Comme je l’ai écrit dans un billet précédent - Saving Noah's Ark ou sauver la biodiversité aux Galápagos - l’étude réalisée et publiée en 2007 par Watkins, G. and Cruz, F. “Galapagos at Risk: A Socioeconomic Analysis of the Situation in the Archipelago” montre que l’évolution a été dramatique au cours des 15 dernières années et que les principaux dangers concernant la préservation de la biodiversité ont été, en grande partie, liés à l’absence d’un pouvoir politique national fort en Equateur.
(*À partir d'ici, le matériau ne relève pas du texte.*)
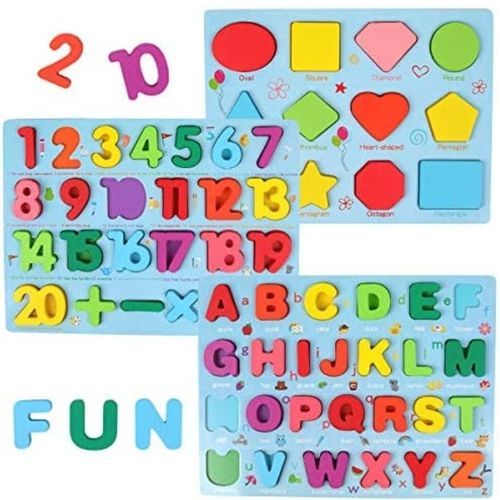 Wooden Puzzle Alphabet, Number And Shapes Block For Toddlers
Absence qui s’est combinée malheureusement avec une politique économique à courte vue de la part des autorités locales de l’archipel.
Pour préserver cette Réserve mondiale de la Biosphère, il faudra que soit exercée une volonté politique très forte de la part de l'Equateur, volonté s’appuyant sur le soutien inconditionnel de l'UNESCO et de la Communauté Internationale. Il faudra également y consacrer des moyens humains et financiers plus importants que ceux dont on dispose aujourd’hui.